The Ntds.dit file is a database that stores Active Directory data, including information about user objects, groups, and group membership. It includes the password hashes for all users in the domain.

Utilising the inbuilt tool ‘Ntdsutil’, the ntds.dit file and the system registry file can be copied to a location of choice, and utilising those two files password cracking can be conducted offline. This post outlines the commands and the summary very well.

I then did a keyword search in Autopsy across the event logs and found the following event confirming the use of ntdsutil and gives us the exact location: C:\Windows\System32\ntdsutil.exe.

ntdsutil usage

Reviewing the event log timeline in Autopsy you can see multiple events related to the use of ntdsutil and the output directories and when the PSEXECSVC completed.

ntdsutil usage

For more information and context on this style of attack:

  • extracting-password-hashes-from-the-ntds-dit-file
  • Ntdsutil
  • OS Credential Dumping: NTDS

DD-7 #

What we know so far:

  • They had previously tried and failed to access the corp-file system.
  • From looking at the MFT items, ad.zip was created on disk at 06:01:30.
  • We have a clue about which system to check and also a time frame.
  • We also know that EventID 4648 showed us the attempts made to access the system from corp-webdev using SMB.

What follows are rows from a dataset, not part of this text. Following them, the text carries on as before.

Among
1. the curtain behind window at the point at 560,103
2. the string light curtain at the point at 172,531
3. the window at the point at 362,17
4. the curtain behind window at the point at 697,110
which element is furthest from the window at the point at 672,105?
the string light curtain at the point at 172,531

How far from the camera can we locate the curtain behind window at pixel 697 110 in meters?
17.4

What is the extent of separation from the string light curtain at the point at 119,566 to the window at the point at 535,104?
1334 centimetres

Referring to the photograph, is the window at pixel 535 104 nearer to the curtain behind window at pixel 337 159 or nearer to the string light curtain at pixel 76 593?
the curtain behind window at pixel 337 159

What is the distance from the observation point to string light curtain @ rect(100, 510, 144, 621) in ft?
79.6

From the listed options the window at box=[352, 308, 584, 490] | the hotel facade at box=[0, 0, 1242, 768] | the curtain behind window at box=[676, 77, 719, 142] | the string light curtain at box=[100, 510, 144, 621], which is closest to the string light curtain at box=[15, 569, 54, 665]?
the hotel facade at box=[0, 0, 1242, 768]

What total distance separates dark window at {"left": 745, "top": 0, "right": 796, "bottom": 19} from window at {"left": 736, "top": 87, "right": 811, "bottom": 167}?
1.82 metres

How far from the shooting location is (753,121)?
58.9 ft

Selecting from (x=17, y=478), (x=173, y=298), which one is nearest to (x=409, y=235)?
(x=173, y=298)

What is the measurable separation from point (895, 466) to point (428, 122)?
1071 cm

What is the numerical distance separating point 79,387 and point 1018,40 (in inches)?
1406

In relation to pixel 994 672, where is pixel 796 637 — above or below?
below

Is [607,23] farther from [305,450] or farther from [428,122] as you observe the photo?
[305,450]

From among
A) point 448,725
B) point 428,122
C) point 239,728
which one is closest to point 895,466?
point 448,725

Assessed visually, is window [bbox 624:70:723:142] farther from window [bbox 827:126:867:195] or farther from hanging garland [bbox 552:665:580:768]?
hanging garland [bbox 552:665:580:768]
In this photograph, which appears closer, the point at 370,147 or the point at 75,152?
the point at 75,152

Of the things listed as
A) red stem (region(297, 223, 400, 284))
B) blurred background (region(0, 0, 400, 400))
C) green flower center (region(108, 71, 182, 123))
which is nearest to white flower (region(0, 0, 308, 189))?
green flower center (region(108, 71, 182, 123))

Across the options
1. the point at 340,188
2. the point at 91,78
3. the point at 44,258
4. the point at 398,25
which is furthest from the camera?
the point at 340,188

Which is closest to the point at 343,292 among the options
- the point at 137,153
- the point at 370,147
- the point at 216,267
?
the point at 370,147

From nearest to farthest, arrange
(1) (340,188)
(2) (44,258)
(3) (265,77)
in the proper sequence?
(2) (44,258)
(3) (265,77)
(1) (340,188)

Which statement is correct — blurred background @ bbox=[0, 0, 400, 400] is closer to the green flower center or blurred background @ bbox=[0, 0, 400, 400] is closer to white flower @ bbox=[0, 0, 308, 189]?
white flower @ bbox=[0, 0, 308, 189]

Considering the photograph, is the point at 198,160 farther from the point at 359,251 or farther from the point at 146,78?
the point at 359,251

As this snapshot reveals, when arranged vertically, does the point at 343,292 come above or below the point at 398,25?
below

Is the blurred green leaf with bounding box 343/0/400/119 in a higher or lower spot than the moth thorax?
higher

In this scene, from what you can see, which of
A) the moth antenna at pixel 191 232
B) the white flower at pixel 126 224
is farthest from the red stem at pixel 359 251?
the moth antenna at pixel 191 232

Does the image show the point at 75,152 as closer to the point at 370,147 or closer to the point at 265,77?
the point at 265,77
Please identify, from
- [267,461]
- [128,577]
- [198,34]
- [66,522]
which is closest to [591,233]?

Time to add corp-file.alien.local artefacts to the Autopsy case and parse the Eventlogs (I’ll also parse the MFT at the same time).

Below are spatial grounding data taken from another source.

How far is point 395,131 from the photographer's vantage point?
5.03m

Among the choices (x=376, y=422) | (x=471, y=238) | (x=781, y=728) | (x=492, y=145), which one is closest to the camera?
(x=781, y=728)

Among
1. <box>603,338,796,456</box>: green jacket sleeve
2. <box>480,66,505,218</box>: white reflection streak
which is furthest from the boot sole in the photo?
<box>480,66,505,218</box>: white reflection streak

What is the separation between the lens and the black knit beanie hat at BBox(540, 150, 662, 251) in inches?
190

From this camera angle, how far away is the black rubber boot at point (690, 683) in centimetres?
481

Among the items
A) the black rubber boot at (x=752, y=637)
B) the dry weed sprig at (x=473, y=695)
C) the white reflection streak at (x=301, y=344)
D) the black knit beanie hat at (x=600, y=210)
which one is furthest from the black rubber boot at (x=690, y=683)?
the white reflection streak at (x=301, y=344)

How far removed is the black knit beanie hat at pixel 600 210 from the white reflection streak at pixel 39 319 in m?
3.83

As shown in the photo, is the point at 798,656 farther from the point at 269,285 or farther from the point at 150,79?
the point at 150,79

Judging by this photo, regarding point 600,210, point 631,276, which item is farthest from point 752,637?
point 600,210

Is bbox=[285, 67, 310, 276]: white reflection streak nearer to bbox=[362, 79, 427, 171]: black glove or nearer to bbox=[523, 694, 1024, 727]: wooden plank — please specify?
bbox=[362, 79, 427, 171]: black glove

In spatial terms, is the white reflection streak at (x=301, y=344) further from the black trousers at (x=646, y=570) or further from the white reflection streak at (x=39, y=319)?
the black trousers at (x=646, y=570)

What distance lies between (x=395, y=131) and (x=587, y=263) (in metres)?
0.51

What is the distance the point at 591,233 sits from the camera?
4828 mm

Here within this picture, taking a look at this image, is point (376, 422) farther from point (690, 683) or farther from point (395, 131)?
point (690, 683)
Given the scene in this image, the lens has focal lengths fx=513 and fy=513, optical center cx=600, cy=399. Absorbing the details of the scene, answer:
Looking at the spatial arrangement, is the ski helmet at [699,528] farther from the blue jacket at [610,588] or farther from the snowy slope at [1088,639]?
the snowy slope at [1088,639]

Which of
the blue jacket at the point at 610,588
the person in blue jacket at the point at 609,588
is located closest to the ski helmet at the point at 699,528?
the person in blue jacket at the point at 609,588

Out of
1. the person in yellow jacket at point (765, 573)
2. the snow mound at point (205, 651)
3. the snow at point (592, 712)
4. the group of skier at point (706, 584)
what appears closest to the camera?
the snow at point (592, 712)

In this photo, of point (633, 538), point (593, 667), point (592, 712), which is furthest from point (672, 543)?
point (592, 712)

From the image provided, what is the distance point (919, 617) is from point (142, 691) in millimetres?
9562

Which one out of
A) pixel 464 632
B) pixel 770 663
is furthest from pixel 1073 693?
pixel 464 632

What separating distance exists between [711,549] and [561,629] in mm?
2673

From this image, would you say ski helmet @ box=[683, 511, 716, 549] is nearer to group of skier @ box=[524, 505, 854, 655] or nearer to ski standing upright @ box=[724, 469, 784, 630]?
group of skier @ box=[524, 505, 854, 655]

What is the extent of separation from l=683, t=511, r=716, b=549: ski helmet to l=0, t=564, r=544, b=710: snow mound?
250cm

From our Autopsy event log table:

  • 2021-04-01 06:18:00 - SMB access attempt from corp-webdev to corp-file using account admin

  • 2021-04-01 06:18:00 - EventID 4625 (An account failed to log on) in corp-file security event log.

  • 2021-04-01 06:18:53 - SMB access attempt from corp-webdev to corp-file using account re_bmilton

  • 2021-04-01 06:18:53 - EventID 4624 (An account was successfully logged on) in corp-file security event log.

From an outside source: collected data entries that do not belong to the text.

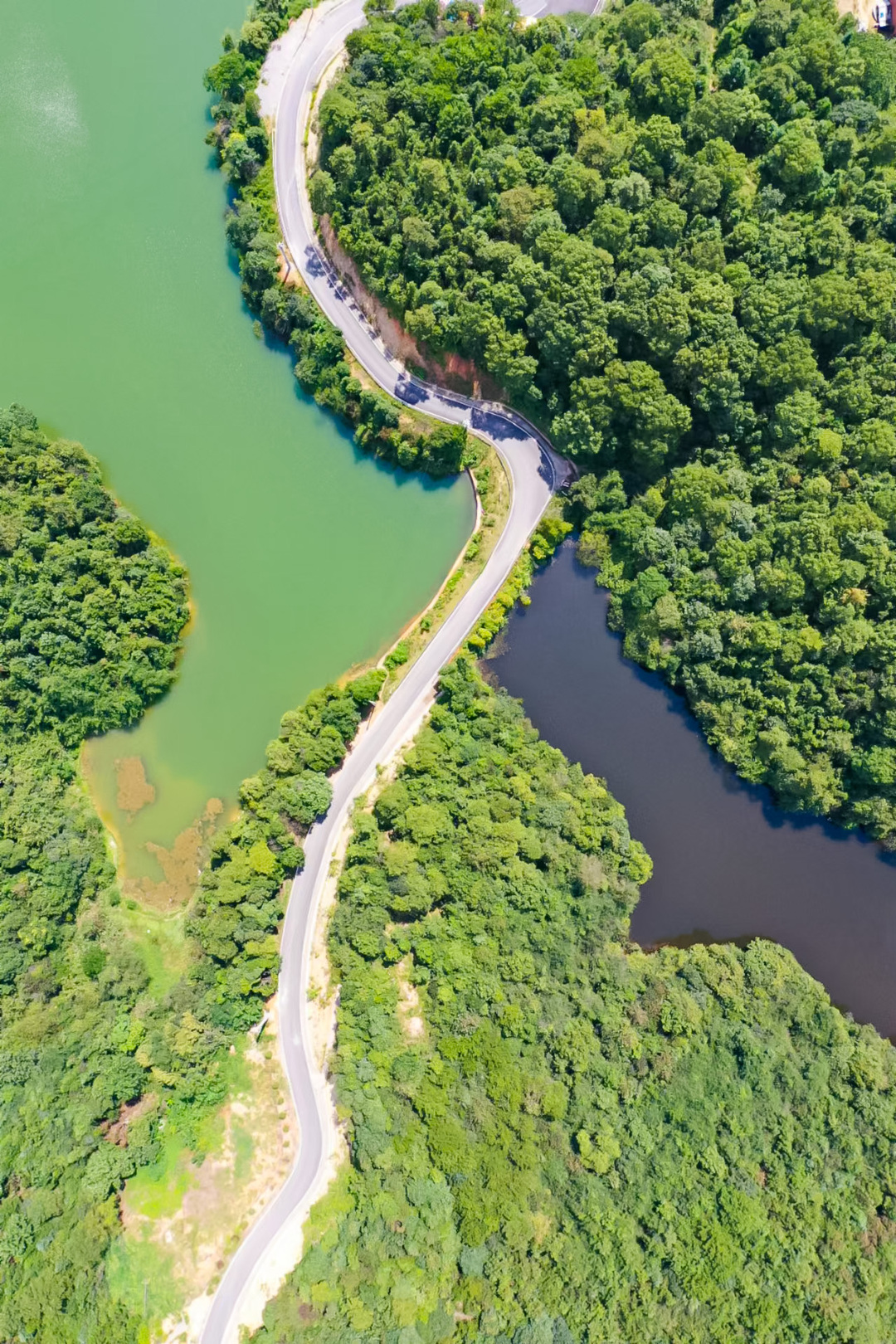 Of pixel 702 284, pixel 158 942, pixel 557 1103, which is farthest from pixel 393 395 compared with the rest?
pixel 557 1103

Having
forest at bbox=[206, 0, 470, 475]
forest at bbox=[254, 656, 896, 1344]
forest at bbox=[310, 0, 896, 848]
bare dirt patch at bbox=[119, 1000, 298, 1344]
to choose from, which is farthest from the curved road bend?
bare dirt patch at bbox=[119, 1000, 298, 1344]

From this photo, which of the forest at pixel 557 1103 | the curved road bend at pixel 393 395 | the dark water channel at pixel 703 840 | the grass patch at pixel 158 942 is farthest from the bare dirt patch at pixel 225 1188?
the dark water channel at pixel 703 840

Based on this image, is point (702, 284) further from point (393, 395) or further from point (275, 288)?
point (275, 288)

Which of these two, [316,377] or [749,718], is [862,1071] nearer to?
[749,718]

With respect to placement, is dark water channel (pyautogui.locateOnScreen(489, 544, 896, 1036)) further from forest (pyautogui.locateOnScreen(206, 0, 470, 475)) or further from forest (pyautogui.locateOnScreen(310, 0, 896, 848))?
forest (pyautogui.locateOnScreen(206, 0, 470, 475))

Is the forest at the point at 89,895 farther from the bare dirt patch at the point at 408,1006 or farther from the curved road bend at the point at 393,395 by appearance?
the bare dirt patch at the point at 408,1006

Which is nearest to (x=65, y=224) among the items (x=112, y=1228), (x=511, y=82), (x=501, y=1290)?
(x=511, y=82)
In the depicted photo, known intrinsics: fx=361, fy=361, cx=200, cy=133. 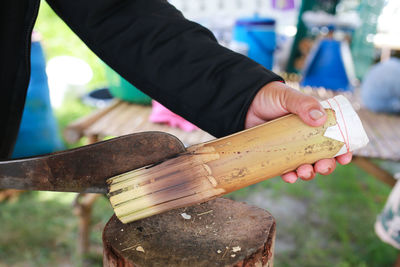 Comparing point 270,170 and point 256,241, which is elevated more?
point 270,170

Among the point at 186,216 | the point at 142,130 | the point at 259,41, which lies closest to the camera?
the point at 186,216

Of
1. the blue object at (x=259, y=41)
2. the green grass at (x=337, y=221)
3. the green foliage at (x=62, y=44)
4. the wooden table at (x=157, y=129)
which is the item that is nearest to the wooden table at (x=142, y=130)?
the wooden table at (x=157, y=129)

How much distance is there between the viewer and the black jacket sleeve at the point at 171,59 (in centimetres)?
86

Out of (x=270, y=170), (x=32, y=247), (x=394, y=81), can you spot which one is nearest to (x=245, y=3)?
(x=394, y=81)

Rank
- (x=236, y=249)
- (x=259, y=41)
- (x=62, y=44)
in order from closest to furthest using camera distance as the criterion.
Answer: (x=236, y=249), (x=259, y=41), (x=62, y=44)

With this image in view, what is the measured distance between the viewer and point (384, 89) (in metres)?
2.06

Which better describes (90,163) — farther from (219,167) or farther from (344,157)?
(344,157)

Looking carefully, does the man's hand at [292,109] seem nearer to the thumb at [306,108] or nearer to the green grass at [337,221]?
the thumb at [306,108]

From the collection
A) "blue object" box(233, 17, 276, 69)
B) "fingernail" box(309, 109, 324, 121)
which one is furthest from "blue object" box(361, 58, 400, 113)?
"fingernail" box(309, 109, 324, 121)

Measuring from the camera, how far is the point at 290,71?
3877 millimetres

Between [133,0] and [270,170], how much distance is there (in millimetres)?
538

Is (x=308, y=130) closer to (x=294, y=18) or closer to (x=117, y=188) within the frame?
(x=117, y=188)

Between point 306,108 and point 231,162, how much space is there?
0.66ft

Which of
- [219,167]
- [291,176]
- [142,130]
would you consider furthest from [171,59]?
[142,130] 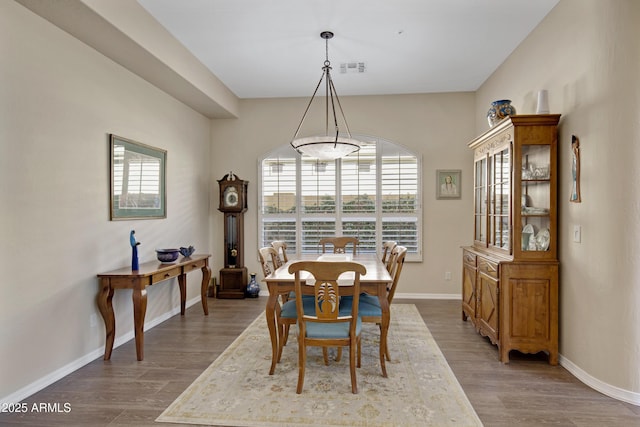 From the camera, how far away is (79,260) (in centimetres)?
304

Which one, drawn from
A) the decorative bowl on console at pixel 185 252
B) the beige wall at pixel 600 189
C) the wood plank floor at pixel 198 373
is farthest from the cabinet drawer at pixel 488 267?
the decorative bowl on console at pixel 185 252

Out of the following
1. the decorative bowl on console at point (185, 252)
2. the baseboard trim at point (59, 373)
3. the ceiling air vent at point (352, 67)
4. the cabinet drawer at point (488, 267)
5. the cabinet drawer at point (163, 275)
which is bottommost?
the baseboard trim at point (59, 373)

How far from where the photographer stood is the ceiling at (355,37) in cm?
312

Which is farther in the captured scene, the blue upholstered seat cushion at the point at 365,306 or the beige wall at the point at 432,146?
the beige wall at the point at 432,146

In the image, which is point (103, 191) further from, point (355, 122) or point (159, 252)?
point (355, 122)

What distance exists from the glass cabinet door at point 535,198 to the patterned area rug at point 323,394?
1301 millimetres

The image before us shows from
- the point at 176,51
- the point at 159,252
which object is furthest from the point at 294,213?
the point at 176,51

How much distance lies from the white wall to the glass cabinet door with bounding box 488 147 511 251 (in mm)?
3676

    Successful logon with re_bmilton

DD-8 #

This is a bit of a tricky one. We need to remember that the attacker has been staging their attack from corp-webdev and the access to the file server was over SMB. If we take a look at the MFT output from corp-webdev for this timeframe we’ll see a file in the Windows\Temp directory called filedir.txt created at 2021-04-01 6:19:19.